On Wed, Dec 18, 2019 at 10:06 PM hubert depesz lubaczewski <depesz@depesz.com> wrote:
On Wed, Dec 18, 2019 at 11:25:32AM +0800, Kaijiang Chen wrote: > I'm using postgres 9.4.17 on centos 7. > I check the running queries with the following SQL: > SELECT > procpid, > start, > now() - start AS lap, > current_query > FROM > (SELECT > backendid, > pg_stat_get_backend_pid(S.backendid) AS procpid, > pg_stat_get_backend_activity_start(S.backendid) AS start, > pg_stat_get_backend_activity(S.backendid) AS current_query > FROM > (SELECT pg_stat_get_backend_idset() AS backendid) AS S > ) AS S > WHERE > current_query <> '<IDLE>' > ORDER BY > lap DESC; > > Then, I found a SQL that has run for some days (and still running): > procpid | 32638 > start | 2019-11-25 16:29:29.529318+08 > lap | 21 days 18:24:54.707369 > current_query | DEALLOCATE pdo_stmt_00000388 > > I tried to kill it with: SELECT pg_cancel_backend(32638) but it takes no > effects. > > What's this query and what shall I do for it? > > I think it is a bug since logically, this query should be gone.
It's not a bug.

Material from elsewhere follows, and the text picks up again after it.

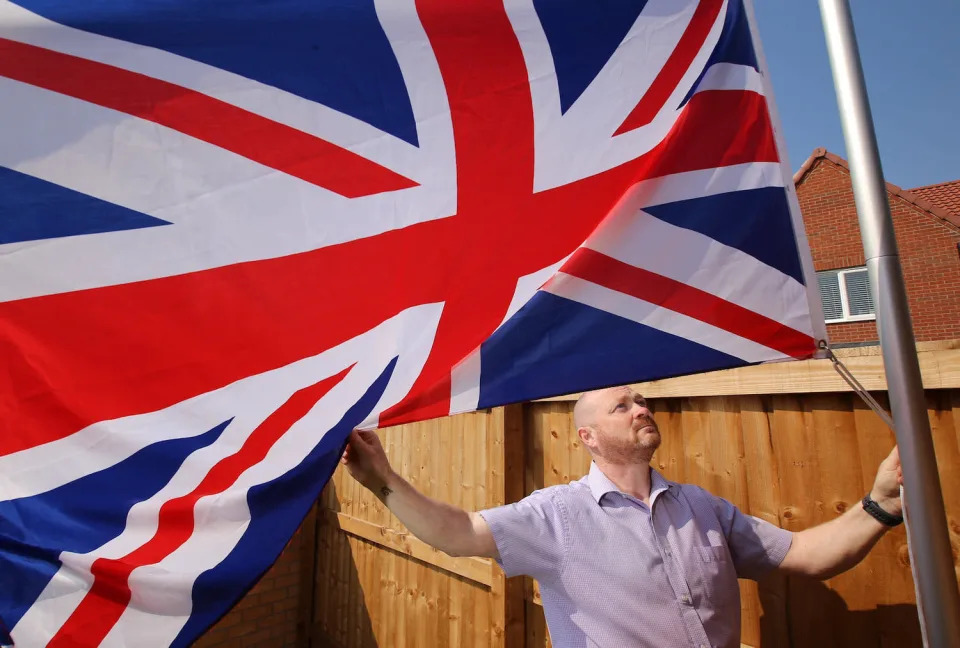 Ex-soldier Andrew Smith, 51, of Nottingham was told by a housing developer to stop flying his Union Jack flag. (SWNS)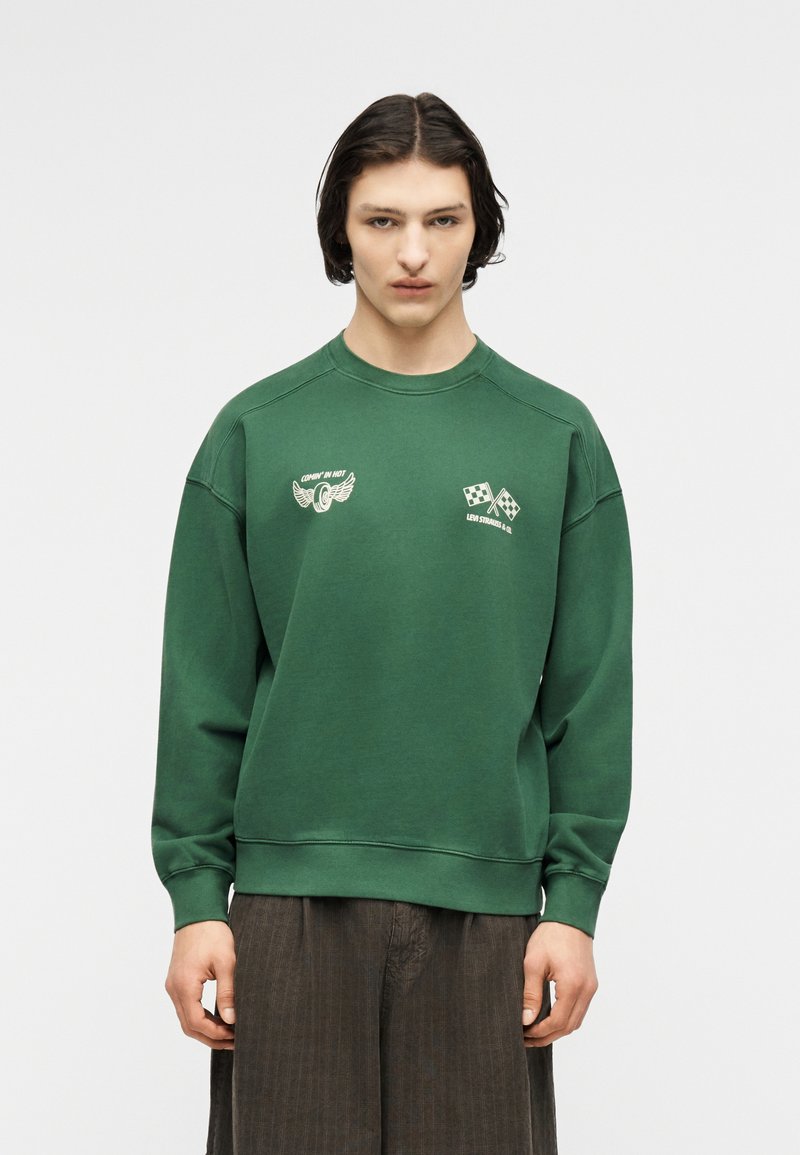 Jeune personne aux cheveux mi-longs foncés, portant un sweat-shirt vert avec des logos de drapeau de course blanc et de roue ailée, et un pantalon foncé, immobile.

Most likely this backend is not doing anything.
You're using old way to check if backend is working - current_query <> '<IDLE>';
Check: select * from pg_stat_activity where pid = 32638
Most likely you'll see state = 'idle'
In such cases, query just shows last executed query, not currently running one.
Also - WHY are you calling internal pg* functions directly, instead of using pg_stat_activity view?